Syrian army ‘to use Palmyra as launchpad’ against ISIL

Government soldiers, backed by Russian air strikes, try to extend their gains after taking back control of ancient city.

Forces loyal to Syria''s President Bashar al-Assad walk with their weapons in Palmyra city after they recaptured it
Syrian military officials said bomb squads were working on removing mines and bombs planted by ISIL in Palmyra [Reuters]

Syrian government forces, backed by Russian air strikes, battled the Islamic State of Iraq and the Levant (ISIL) group around Palmyra on Monday, after taking back control of the ancient city.

ISIL’s loss of Palmyra on Sunday amounts to one of the biggest setbacks for the group since it declared a caliphate in 2014 across large parts of Syria and Iraq.

The Syrian army said the city, home to some of the most extensive ruins of the Roman Empire, would become a “launchpad” for operations against ISIL strongholds in Raqqa and Deir Ezzor further east across a vast expanse of desert.

Syrian army ‘recaptures city of Palmyra from ISIL’

Syrian state media said on Monday that Palmyra’s military airport was now open to air traffic after the army cleared the surrounding area of fighters belonging to ISIL, also known as ISIS.

There were clashes northeast of Palmyra between ISIL fighters and forces allied to the government, supported by Syrian and Russian air strikes, according to the Syrian Observatory for Human Rights.

Air strikes, reportedly carried out by Russian jets, also targeted the road running east out of Palmyra towards Deir Ezzor, it said.

Syria troops dismantle booby traps

Although most of the ISIL force fled Palmyra on Sunday, there were still some fighters in the city, the UK-based Observatory said.

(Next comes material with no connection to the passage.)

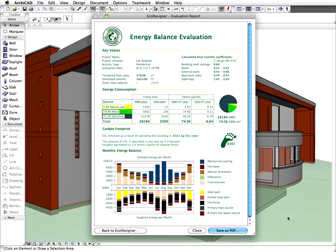Graphisoft Eco Designer provides you an energy-based design evaluation that can be clearly understood by all clients and builders. Eco Designer greatly helps architects evaluate the energy aspects of design alternatives using different volumes, structures, or materials within seconds.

Observatory director Rami Abdulrahman said most residents fled before the government offensive and it had not heard about any civilian deaths.

Syrian state-run television broadcast from inside Palmyra, showing empty streets and badly damaged buildings.

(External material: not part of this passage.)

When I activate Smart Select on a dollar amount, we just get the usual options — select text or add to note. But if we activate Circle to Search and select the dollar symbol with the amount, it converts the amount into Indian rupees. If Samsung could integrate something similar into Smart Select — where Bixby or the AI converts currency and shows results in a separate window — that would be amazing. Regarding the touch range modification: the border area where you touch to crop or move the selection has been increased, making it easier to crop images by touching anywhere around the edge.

Syrian military officials said that bomb squads were working on removing mines and bombs planted by ISIL in the city.

ISIL, during its rule of Palmyra, killed scores of people and destroyed invaluable artifacts dating back more than 1,800 years, along with a famed Roman triumphal archway.

With Russian support, Assad’s troops have made steady gains in recent months against ISIL and other groups it is fighting.

Earlier this month, Russian President Vladimir Putin ordered the withdrawal of some fighter jets from Syria, but said that strikes against ISIL and the al-Nusra Front would continue.

Those groups have been excluded from a Russian and US-brokered ceasefire that began on February 27 and has largely held.